Because Plaintiffs have cast direct doubt in this fashion, the Court need not reach the alternate argument that the City’s ordinance will not in fact reduce secondary effects.

         b. City’s Rebuttal

         The burden now shifts back to the City “to supplement the record with evidence renewing support for a theory that justifies its ordinance.” Alameda Books, 535 U.S. at 439. The Court finds that the City has failed in this regard.

         The City’s primary focus in supplementing the record is on demonstrating that the ordinance does in fact reduce secondary effects. However, that evidence does not address whether the ordinance is designed, impermissibly, to reduce secondary effects by reducing speech. The City makes three arguments in opposition to Plaintiffs’ contention that the ordinance unconstitutionally reduces speech significantly. None, however, is convincing.

         First, the City suggests that Plaintiffs cannot cast sufficient doubt on the rationale for the ordinance because the Supreme Court has already held that the City’s burden is low, and that it had a reasonable basis for passing the ordinance. This argument confuses the first and third stage of the Supreme Court’s burden-shifting analysis. Courts must afford liberal deference to the City’s rationale only at the first stage.
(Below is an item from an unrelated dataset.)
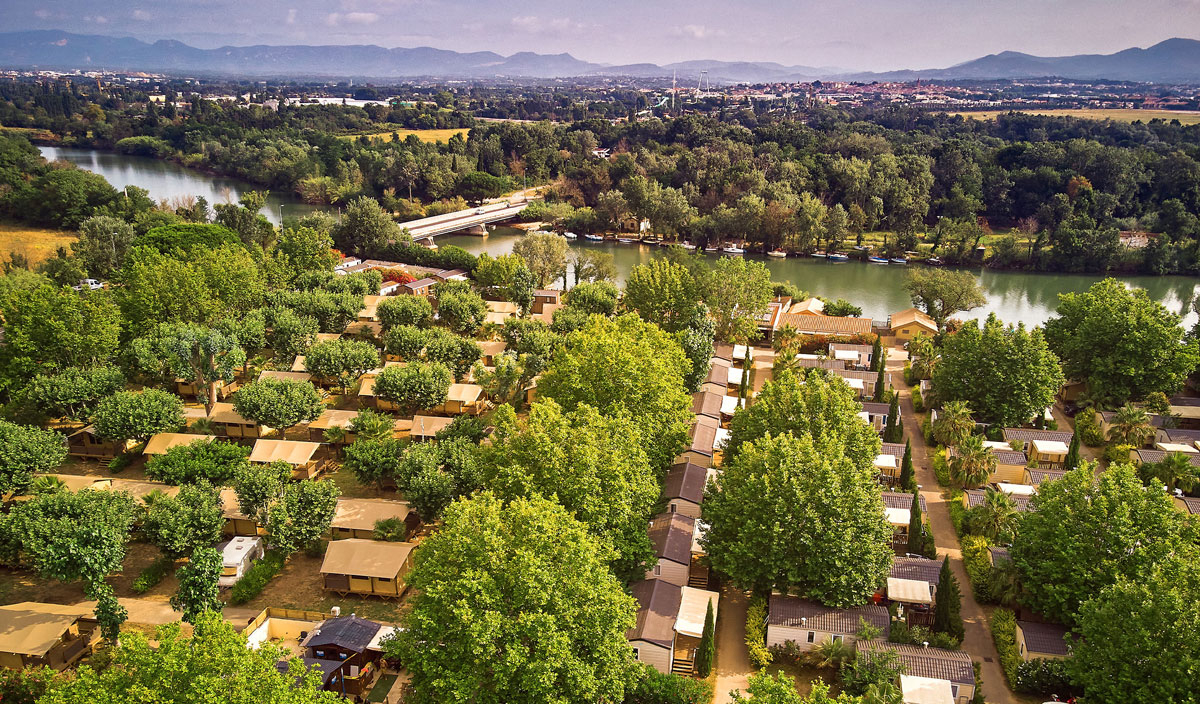 La Pinèderie Poitou-Charentes - Les Mathes-La Palmyre visuel 7/67 La Pinèderie Poitou-Charentes - Les Mathes-La Palmyre visuel 7/67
If Plaintiffs’ succeed in casting direct doubt, however, a City’s burden to rebut Plaintiffs’ argument by supplementing the record is higher, and may well include providing empirical evidence to support its position. See Alameda Books, 535 U.S. at 439 (noting that the City may be required to supplement its position with empirical data once Plaintiffs provide “actual and convincing evidence . . . to the contrary”). Accordingly, the City had not successfully met its burden at the third stage simply by virtue of having met its burden at the first.

         Second, the City contends that it would in fact be economically feasible to separate the combined adult businesses. However, the City has submitted no admissible evidence to this effect. Plaintiffs put forth evidence that stand-alone arcades are not viable economically. Defendant now bears the burden to present some evidence that arcades could survive on their own. The City has not made this showing. Instead, the City relies on the Vanita Spaulding’s Second Declaration, which reviews the revenue and expenses generated and incurred by the arcade and retail components - an analysis with which no one disagrees. However, as already discussed, her declaration is not admissible as expert testimony regarding whether arcades could survive as stand-alone businesses because she has not established a basis for having knowledge of the adult entertainment industry. Her conclusion that arcades would survive standing alone because they produce revenue when linked to a retail store is an inference that simply does not follow.

         While the City challenges Plaintiffs’ experts contentions as speculation, in fact it does not contest their most important propositions: 1) no one is aware of a stand-alone arcade currently in existence or ever having existed, and 2) arcades draw significant revenue from those customers who also use the retail component of these stores. The City contends that the fact that a stand-alone arcade has never before existed is irrelevant. The Court disagrees. Of course, that neither party is aware of a stand-alone arcade in operation could also mean that, however improbably, it could be a profitable model that has simply never been tried. However, Plaintiffs need not prove that stand-alone arcades are not and could not be viable. They need only provide sufficient compelling evidence to cast direct doubt on the City’s motive in passing the ordinance at issue.

         Plaintiffs have submitted expert testimony that such businesses have never existed because they are not viable. That evidence casts sufficient doubt to shift the burden back to the City. The City has offered no relevant evidence to rebut Plaintiffs’ contention.

         Third, and finally, Defendant argues that even if the arcades close, the ordinance is constitutional because “[a]dult entertainment is readily available nearly everywhere within the City, at a cost comparable to or less than the cost of such services as provided through an adult arcade.” (Def. Opp’n Summ. J. 24.) As evidence, the City has submitted a different declaration by Vanita Spaulding documenting the multitude of alternative avenues through which patrons can access pornography, such as the internet, blackberries, and DVDs.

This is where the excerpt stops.